Top Seventh-day Adventist leaders from the Inter-American Division (IAD) of the Seventh-day Adventist Church met recently to review territory-wide I Will Go mission initiatives, setting them in motion for the new year and the years to come.
“Our church’s entire organizational structure, institutions, plans, and efforts must be focused on preparing the world for the Second Coming of Christ,” said Angel Guzmán, vice president of academic affairs for Inter-American Adventist Theological Seminary, based in Puerto Rico. said in an introductory presentation.
Dozens of administrators and department heads gathered on January 5-6, 2022 to pray, review plans, and solidify initiatives and activities that will mobilize church members for greater involvement in spreading the gospel throughout the land.
As guest speaker, Guzmán reminded church leaders to carefully consider the church’s role in proclaiming the three angels’ messages of Revelation 14 as they continue to motivate and engage members on the whole territory.

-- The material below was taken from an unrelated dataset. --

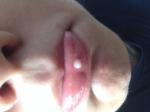 Болячка белого цвета на губе, снаружи фото 2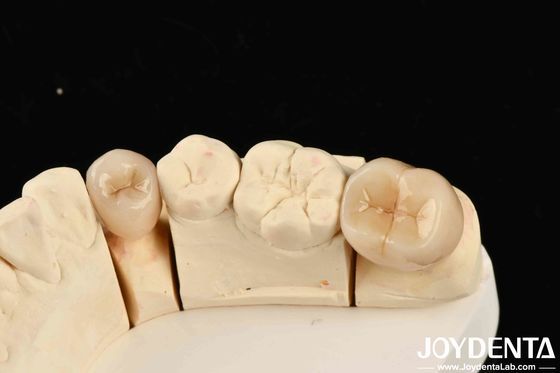 खरीदें उत्कृष्ट जैव संगतता उच्च संक्षारण प्रतिरोध और 1000 एमपीए की झुकने की शक्ति के साथ पूर्ण जिरकोनिया ऑनलाइन निर्माण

The Church Prepares the Way
“The church is not the way, but the church prepares the way to Jesus, and that motivation should reach our members,” Guzmán said. These are not wonderful programs for church members to enjoy while they sit as spectators, but “the church must be very conscious of its role.”
This role is to perform the special work of proclaiming the message of salvation as entrusted messengers of God, Guzmán said. “There are many people in the church who are empty because we don’t involve them in understanding the prophetic role we have as the Seventh-day Adventist Church.”
Drawing on the vision and role of John the Baptist described in Mark 1 of the Bible, Guzmán reminded leaders that John was aware of his prophetic gift and was not focusing on himself but on doing point people to Jesus. So it must be the same for the Adventist Church, Guzmán said. “We exist to create revival and reformation, so that we can be the messengers God has called us to be during these end times.” The church is not a business, nor an institution, but a remnant of God with a special message, a prophetic movement that God has raised up, he stressed.
Guzmán reminded leaders that God’s work should not be ostentatious but should focus more on the content of the message, more than the instruments used to proclaim it.
Do not lose sight of your prophetic role
“The danger of focusing so much on the structure of our ministry is that in the end we risk losing sight of the essence of the message and our prophetic role,” Guzmán said. He emphasized that the three angels’ messages, representing the final stages of earth’s history and the identity of the church, just as Adventist pioneers were certain, must be essential to accomplishing mission effectively.
“Every church organization, every institution and every ministry should focus on its role of proclaiming the ‘final message’; otherwise, there is no reason for its existence,” Guzmán said.
Church leaders pondered further study of the three angels’ messages, reviewed, studied, and prayed for the dozens of initiatives voted under the evangelism-focused I Will Go mission plans, education and community service for the next four years.
“We must continue to dedicate our lives to his service, stepping forward with confidence as messengers of God to proclaim this precious message throughout the territory,” said Elie Henry, president of the IAD. To achieve this, he added, it is important “to be together and move forward together”, to understand each initiative, how departments and ministries are interconnected to engage members down to the local congregation.
Leaders also reviewed specific activities taking place across the territory as the DIA continues to celebrate 100 years of growth since its official organization in May 1922.
Passion for mission
“We must continue to have this passion for this [Adventist] movement just as the countless pastors and lay people did in the beginning here in Inter-America years and years ago,” Henry said. “Do we still have this passion? All the issues that surround us now, we need to be sensitive as leaders, moving forward into the future, giving members and the community hope in the midst of today’s uncertainties.
Trustees also reviewed the state of membership growth and the need to redouble efforts to spiritually nurture and retain church members. Leaders also reviewed the financial situation of the past 20 years and put in place plans to continue funding the church’s mission over the next 10 years.
IAD leaders also discussed the challenge of reintegrating children, youth and adults into church life as the pandemic continues to keep church buildings closed and services operating mostly online.
Main initiatives and activities
Key initiatives reviewed include the recovery of more than 80,000 former church members, the organization of 100,000 Bible studies through small group ministries and the distribution of 6.7 million missionary books in April. Other plans included hosting thousands of community impact events at Adventist universities and schools, training hundreds of church members for mission, and planning large-scale evangelistic campaigns. of the territory during the summer.
“Nothing is more important than continuing the mission God has given us, and we pray that God may grant His church extraordinary success in 2022,” Henry said.